Work required -> Without the pictures, give every record again exactly.

Excerpted records ->
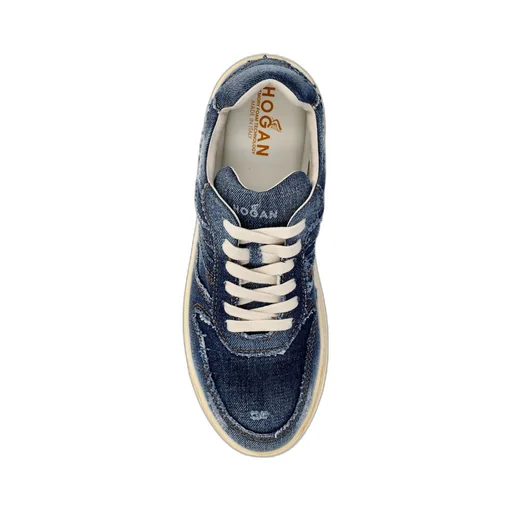 Denim Low-Top Sneakers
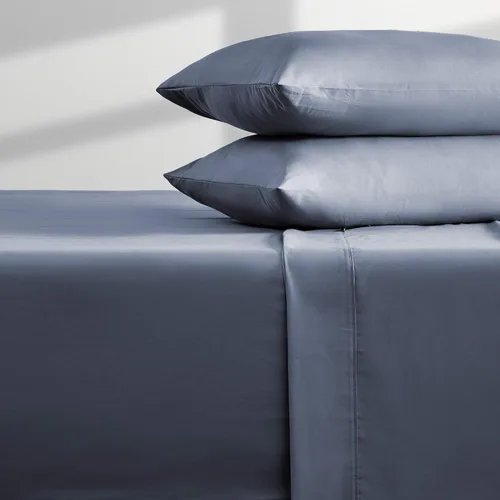Vista 3 de SLEEP ZONE Juego de sábanas de bolsillo extra profundo de 18 pulgadas para niños, 3 piezas, sábanas súper suaves para colchones profundos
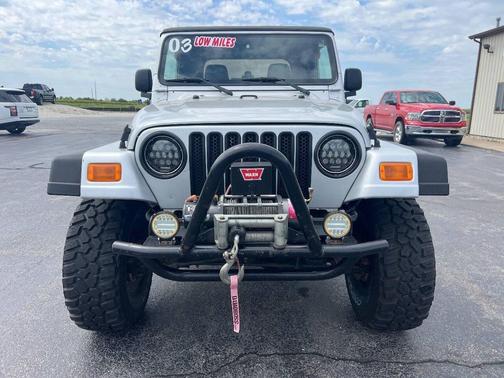 2003 Jeep Wrangler Sport
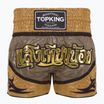 Training shorts Top King Kickboxing yellow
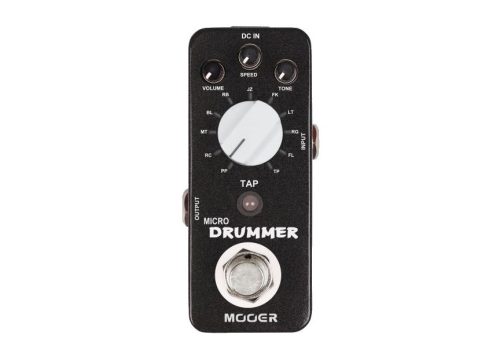 Mooer Micro Drummer Drum Machine Pedal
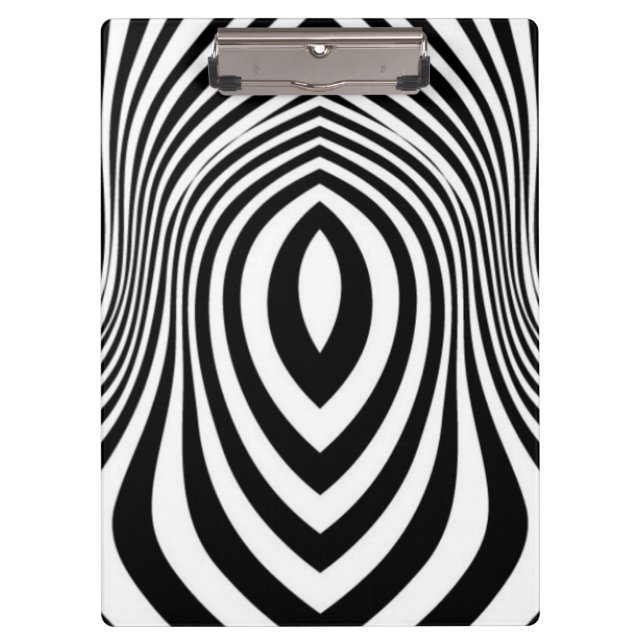 Pranchetas Padrão de Textura de Impressão de Pele de Zebra (Frente)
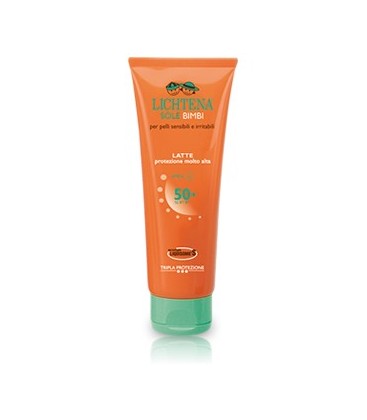 LICHTENA SOLE BIMBI LATTE SPF 50+ 100 ML - farmachicca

Written answer ->
 Denim Low-Top Sneakers
Vista 3 de SLEEP ZONE Juego de sábanas de bolsillo extra profundo de 18 pulgadas para niños, 3 piezas, sábanas súper suaves para colchones profundos
 2003 Jeep Wrangler Sport
 Training shorts Top King Kickboxing yellow
 Mooer Micro Drummer Drum Machine Pedal
 Pranchetas Padrão de Textura de Impressão de Pele de Zebra (Frente)
 LICHTENA SOLE BIMBI LATTE SPF 50+ 100 ML - farmachicca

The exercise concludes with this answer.